As he lays out a history of representations of gay Mormons in his introduction, Argetsinger makes an intriguing observation about the authors of such work—namely, that for the most well-known artistic engagements with Mormonism and homosexuality, their authors are not Mormon. (Think Tony Kushner.) “Was it possible that non-Mormons were more interested in the notion of Mormons and homosexuality than GLBT Mormons themselves?” Is it possible that I brought to this collection, as a non-Mormon, a certain voyeuristic desire? Was I wanting something more than off-handed references to missions and bishops and the Book of Mormon because I want access to the “exotic” secret practices of Mormons? At the end of the day, as much as I enjoyed some of the individual contributions, was I disappointed in the collection as a whole because it was not collected for me? Given the dearth of representations of gay Mormons (and, Argetsinger means “gay,” as in male—there are no Mormon lesbians here) in mass culture, is it enough to collect familiar stories of teenage experimentation, drunken sexual romps, traumatic comings out with Mormon verbiage as trappings? Possibly. Mormon readers may resonate with this collection in a way that I simply cannot because they will feel seen and recognized; they will understand subtle allusions and references that are lost on me. They will feel that a world they inhabit(ed) in isolation is now a place for collective existence.

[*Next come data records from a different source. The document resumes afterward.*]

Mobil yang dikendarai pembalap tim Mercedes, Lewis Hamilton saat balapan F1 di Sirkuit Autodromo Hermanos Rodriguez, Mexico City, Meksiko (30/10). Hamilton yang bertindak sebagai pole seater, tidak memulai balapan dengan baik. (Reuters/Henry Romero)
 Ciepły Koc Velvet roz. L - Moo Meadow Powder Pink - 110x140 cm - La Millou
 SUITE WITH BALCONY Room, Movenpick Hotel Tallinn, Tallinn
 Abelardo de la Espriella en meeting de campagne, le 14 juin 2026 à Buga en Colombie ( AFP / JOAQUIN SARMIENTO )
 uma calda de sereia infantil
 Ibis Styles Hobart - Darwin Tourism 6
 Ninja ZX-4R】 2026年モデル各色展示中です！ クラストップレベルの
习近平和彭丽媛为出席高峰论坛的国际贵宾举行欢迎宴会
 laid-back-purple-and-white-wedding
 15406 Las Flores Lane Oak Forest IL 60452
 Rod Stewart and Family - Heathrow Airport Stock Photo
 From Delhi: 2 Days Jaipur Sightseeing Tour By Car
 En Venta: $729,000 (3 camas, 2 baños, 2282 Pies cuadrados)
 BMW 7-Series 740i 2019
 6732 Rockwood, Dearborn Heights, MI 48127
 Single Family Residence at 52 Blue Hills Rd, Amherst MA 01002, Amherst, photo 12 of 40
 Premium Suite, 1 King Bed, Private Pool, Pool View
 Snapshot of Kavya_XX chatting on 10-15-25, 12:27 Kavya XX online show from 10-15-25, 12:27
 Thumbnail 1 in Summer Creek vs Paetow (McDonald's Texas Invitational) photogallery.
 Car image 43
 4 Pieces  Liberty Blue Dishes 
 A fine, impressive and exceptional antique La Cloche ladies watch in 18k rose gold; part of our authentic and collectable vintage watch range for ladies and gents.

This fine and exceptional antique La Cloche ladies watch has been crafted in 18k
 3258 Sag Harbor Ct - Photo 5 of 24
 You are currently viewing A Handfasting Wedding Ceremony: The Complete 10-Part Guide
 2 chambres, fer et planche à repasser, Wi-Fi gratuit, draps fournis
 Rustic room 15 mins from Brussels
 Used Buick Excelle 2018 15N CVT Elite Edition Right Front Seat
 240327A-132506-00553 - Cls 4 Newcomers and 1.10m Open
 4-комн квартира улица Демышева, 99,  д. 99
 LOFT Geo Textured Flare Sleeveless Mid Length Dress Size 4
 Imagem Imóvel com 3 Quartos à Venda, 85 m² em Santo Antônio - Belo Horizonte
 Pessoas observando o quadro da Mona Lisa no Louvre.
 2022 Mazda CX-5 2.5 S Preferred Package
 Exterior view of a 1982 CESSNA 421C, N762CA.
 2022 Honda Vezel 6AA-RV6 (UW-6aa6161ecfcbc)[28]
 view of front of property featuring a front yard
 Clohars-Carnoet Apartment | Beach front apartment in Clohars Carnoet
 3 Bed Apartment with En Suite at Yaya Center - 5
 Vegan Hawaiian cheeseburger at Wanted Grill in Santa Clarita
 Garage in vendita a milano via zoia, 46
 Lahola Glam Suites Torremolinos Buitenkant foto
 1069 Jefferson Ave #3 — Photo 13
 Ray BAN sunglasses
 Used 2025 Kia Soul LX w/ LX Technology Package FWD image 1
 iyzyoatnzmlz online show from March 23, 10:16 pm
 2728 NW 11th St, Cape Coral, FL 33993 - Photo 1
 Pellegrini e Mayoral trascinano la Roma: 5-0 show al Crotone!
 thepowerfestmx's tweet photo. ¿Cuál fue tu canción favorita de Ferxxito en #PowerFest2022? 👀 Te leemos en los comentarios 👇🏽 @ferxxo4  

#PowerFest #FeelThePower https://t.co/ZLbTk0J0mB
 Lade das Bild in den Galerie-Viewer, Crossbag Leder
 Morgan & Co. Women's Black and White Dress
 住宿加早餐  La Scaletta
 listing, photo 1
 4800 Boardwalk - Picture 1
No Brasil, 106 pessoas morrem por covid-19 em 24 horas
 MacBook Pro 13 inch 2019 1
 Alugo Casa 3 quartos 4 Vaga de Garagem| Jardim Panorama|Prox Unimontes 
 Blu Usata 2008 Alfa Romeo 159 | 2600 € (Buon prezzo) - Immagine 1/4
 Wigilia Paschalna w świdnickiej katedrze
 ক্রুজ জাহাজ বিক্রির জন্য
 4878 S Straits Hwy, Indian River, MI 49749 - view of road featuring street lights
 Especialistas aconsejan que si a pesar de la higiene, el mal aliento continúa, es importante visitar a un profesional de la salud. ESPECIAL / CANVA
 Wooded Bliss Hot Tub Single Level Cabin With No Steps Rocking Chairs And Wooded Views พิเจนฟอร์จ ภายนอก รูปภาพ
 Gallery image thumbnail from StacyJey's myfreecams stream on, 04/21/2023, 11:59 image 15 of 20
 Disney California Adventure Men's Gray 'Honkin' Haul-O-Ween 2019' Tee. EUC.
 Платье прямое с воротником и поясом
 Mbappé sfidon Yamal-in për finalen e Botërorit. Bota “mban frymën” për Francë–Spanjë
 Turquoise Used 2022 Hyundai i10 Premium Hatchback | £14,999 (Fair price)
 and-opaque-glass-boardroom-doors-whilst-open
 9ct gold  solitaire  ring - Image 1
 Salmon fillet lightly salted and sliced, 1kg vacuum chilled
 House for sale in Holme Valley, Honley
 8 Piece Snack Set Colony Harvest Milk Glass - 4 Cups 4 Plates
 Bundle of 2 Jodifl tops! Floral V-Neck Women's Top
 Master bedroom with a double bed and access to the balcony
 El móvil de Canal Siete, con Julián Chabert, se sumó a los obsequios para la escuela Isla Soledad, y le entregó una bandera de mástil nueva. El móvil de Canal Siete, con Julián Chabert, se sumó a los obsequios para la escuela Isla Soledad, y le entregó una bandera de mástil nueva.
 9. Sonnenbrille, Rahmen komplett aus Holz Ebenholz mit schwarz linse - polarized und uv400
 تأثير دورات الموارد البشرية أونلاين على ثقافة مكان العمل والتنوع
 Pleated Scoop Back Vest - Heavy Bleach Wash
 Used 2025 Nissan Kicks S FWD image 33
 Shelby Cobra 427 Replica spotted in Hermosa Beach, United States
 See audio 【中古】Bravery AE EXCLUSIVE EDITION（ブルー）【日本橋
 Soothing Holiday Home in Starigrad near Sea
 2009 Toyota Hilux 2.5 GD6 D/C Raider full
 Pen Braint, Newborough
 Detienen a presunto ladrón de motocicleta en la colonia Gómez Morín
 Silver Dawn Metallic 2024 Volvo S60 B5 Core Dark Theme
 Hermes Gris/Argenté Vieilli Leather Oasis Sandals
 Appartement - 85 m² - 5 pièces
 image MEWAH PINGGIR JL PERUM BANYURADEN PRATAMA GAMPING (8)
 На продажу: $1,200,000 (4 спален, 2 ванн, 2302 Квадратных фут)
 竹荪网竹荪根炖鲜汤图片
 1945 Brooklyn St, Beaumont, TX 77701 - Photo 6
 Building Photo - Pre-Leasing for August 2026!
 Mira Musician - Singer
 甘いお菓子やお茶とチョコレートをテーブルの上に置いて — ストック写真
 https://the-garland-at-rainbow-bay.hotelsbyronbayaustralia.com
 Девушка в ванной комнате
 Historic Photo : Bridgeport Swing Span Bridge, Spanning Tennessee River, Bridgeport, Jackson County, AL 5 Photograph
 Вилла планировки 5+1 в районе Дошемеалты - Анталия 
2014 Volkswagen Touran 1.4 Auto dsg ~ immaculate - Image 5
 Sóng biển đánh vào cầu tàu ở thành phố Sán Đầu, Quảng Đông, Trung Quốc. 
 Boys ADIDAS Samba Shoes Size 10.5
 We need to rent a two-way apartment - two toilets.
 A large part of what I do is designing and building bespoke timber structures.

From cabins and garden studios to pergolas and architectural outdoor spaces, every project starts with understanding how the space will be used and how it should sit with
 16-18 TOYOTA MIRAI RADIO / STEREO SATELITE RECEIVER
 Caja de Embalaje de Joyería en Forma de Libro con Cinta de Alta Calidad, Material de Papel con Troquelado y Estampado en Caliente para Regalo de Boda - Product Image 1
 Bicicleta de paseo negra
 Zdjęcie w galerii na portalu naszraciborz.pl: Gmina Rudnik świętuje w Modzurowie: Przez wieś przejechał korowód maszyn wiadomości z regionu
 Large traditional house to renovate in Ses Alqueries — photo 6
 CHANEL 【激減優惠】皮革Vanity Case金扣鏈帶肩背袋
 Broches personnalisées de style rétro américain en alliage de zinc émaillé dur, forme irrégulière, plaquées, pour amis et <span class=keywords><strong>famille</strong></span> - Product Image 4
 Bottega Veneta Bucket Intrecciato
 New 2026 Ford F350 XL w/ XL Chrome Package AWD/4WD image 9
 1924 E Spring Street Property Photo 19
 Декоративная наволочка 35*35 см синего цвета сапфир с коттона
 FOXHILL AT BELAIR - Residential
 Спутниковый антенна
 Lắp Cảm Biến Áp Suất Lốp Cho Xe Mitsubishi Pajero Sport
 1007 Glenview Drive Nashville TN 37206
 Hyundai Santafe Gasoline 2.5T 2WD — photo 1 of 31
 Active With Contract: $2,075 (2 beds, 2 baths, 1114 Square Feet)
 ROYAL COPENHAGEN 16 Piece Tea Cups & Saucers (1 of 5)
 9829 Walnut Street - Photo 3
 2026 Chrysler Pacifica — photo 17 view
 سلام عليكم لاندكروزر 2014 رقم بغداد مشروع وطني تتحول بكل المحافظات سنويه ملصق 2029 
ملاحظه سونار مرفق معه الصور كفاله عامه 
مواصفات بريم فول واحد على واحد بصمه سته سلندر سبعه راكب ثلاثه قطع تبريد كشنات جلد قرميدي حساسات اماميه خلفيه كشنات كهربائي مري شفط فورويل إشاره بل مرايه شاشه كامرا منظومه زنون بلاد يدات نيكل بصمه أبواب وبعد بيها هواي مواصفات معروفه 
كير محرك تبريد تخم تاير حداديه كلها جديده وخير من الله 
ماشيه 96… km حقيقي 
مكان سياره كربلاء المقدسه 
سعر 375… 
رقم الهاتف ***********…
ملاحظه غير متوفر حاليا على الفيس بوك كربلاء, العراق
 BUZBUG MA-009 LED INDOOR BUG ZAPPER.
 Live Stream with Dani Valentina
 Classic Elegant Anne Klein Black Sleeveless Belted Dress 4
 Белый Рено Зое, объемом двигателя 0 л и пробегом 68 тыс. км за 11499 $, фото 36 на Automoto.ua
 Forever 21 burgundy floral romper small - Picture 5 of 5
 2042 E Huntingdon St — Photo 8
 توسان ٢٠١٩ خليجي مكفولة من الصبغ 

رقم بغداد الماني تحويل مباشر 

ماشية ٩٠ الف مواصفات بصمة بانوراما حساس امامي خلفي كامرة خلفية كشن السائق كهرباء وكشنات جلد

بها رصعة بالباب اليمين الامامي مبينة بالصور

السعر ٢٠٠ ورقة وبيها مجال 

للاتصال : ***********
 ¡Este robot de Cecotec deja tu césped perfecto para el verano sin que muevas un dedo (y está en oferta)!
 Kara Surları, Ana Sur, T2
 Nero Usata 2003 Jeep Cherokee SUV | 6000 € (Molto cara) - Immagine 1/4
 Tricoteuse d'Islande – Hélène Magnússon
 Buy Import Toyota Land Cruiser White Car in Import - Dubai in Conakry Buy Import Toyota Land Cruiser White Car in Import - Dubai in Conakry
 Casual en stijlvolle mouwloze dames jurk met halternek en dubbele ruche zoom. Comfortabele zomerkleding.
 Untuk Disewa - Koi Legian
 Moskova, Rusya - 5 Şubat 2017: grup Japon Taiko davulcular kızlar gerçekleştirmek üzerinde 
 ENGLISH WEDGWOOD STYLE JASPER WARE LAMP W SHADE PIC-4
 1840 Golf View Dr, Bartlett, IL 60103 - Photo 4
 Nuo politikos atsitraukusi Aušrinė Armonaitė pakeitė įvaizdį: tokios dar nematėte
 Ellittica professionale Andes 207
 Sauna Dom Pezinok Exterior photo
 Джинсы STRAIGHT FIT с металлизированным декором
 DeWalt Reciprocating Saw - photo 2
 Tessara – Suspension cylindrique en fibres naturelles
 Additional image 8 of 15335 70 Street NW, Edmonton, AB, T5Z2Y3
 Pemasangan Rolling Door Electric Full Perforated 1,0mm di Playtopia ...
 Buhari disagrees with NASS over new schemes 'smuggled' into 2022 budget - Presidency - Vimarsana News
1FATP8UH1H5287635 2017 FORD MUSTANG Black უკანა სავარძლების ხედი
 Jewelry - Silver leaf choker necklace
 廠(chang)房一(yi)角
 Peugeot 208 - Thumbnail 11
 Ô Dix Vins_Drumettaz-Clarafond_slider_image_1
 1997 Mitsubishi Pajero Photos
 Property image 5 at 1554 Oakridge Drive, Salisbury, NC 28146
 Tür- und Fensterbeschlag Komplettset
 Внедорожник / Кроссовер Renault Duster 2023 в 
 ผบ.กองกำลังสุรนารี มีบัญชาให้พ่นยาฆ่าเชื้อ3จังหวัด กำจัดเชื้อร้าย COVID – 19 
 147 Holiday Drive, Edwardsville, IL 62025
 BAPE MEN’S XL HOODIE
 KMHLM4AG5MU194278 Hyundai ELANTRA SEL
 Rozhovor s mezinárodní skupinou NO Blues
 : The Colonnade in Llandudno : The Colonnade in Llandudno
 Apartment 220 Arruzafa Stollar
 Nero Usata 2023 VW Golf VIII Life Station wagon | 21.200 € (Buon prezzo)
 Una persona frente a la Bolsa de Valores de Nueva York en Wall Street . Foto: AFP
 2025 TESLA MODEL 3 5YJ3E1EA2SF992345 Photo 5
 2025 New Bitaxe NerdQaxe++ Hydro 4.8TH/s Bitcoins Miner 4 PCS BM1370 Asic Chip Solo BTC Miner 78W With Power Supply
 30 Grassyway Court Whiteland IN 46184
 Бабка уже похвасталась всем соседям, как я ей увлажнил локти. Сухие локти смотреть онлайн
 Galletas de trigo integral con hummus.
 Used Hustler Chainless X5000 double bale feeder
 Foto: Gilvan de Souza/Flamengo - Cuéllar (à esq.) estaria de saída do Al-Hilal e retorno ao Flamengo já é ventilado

And, just so it is absolutely clear, let me underscore: the non-Mormon reader will find much pleasure in reading the stories collected here. Many of the stories and authors included in this volume, as noted above, deserve to find broader audiences. But the reader of this collection will not find her or his longing for a rich, nuanced, complex picture of gay Mormon life satisfied. But, as Argetsinger’s story of this collection’s origins remind us, projects spawn projects. Who knows what the next gathering of gay Mormon voices will reveal.